Jeudi 17 Janvier 2013

Pourquoi ce former, en général les élus savent tout, il sont sont là depuis des années. Ainsi, ils estiment qu’ils n’ont pas besoin de se former. C’est une perte de temps, d’argent, et il est souhaitable d’utiliser le budget pour autres choses.


La formation du comité d’entreprise

Sachez que les organismes de formation, actualise régulièrement leurs supports. Que le droit évolue, et qu’à mon avis, vous devrez actualiser régulièrement vos connaissances.

Une amie disait un jour : « Seriez-vous prêt à montrer dans un bus si vous savez que le conducteur n’a pas le permis de conduire... » Le bus, c’est donc le comité d’entreprise, le conducteur, le membre du comité. Je vous laisse le soin de comprendre cette image.

Cet article a pour objectif de vous donner tous les éléments nécessaires si vous envisagez de vous former.

Les membres du comité d’entreprise peuvent demander à suivre une formation économique spécifique à leur mandat. Si toutes les conditions sont remplies, l’employeur doit, en principe, l’accepter. Mais le refus ou le report sont parfois possibles.

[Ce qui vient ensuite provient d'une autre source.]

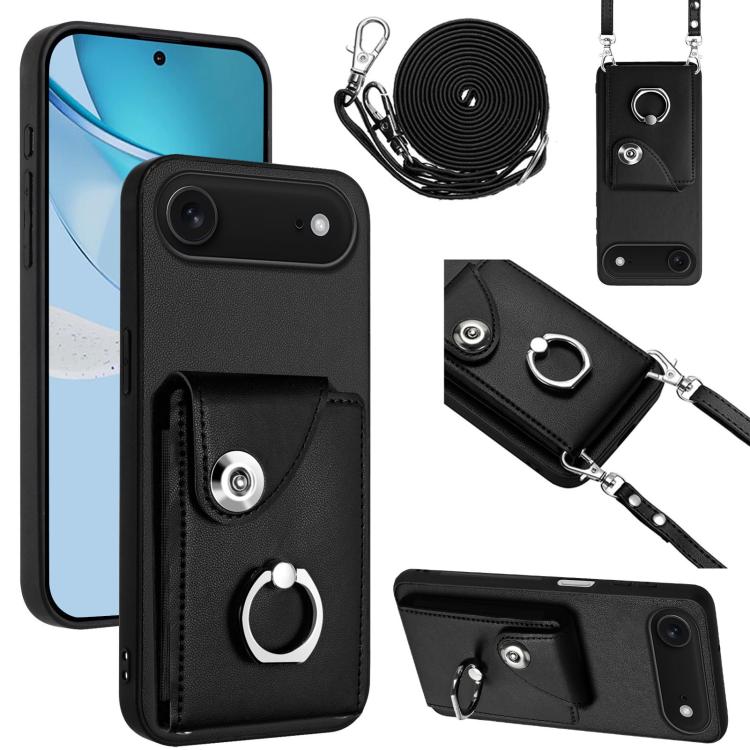 For iPhone Air Organ Card Bag Ring Holder Phone Case with Long Lanyard(Black)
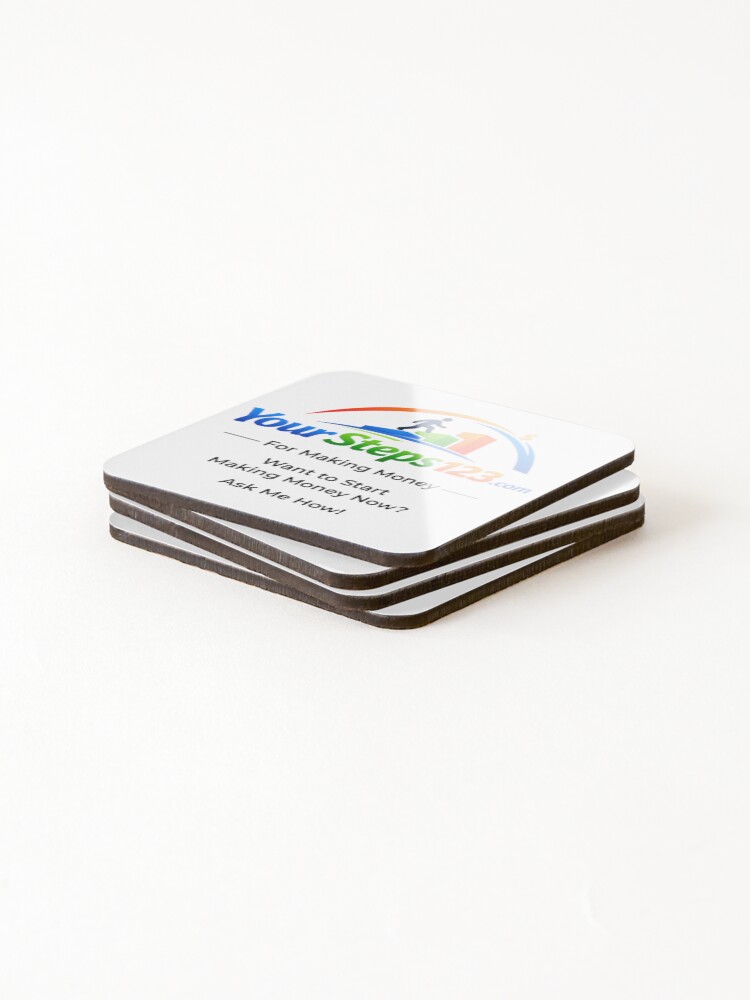 Thumbnail 4 of 5, Coasters (Set of 4), YourSteps123.com For Making Money designed and sold by RBCOOLSHOP.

Seuls les élus titulaires du comité d’entreprise (CE) peuvent suivre la formation économique destinée à leur permettre de connaître le fonctionnement économique et financier d’une entreprise (c. trav. art. L. 2325-44).

Il en va de même pour les élus de la délégation unique du personnel, puisqu’ils ont notamment les attributions du CE (c. trav. art. L. 2326-3).

Un membre suppléant qui remplace un membre titulaire ayant cessé ses fonctions devient titulaire. Il aura donc droit à la formation, même si le titulaire qu’il remplace définitivement en avait déjà bénéficié.

La formation est destinée, en principe, aux membres élus « pour la première fois » (c. trav. art. L. 2325-44). Mais rien n’empêche un élu n’en ayant pas encore bénéficié de la demander dans le cadre d’un second mandat (cass. soc. 5 mai 1993, n° 89-41681, BC V n° 128).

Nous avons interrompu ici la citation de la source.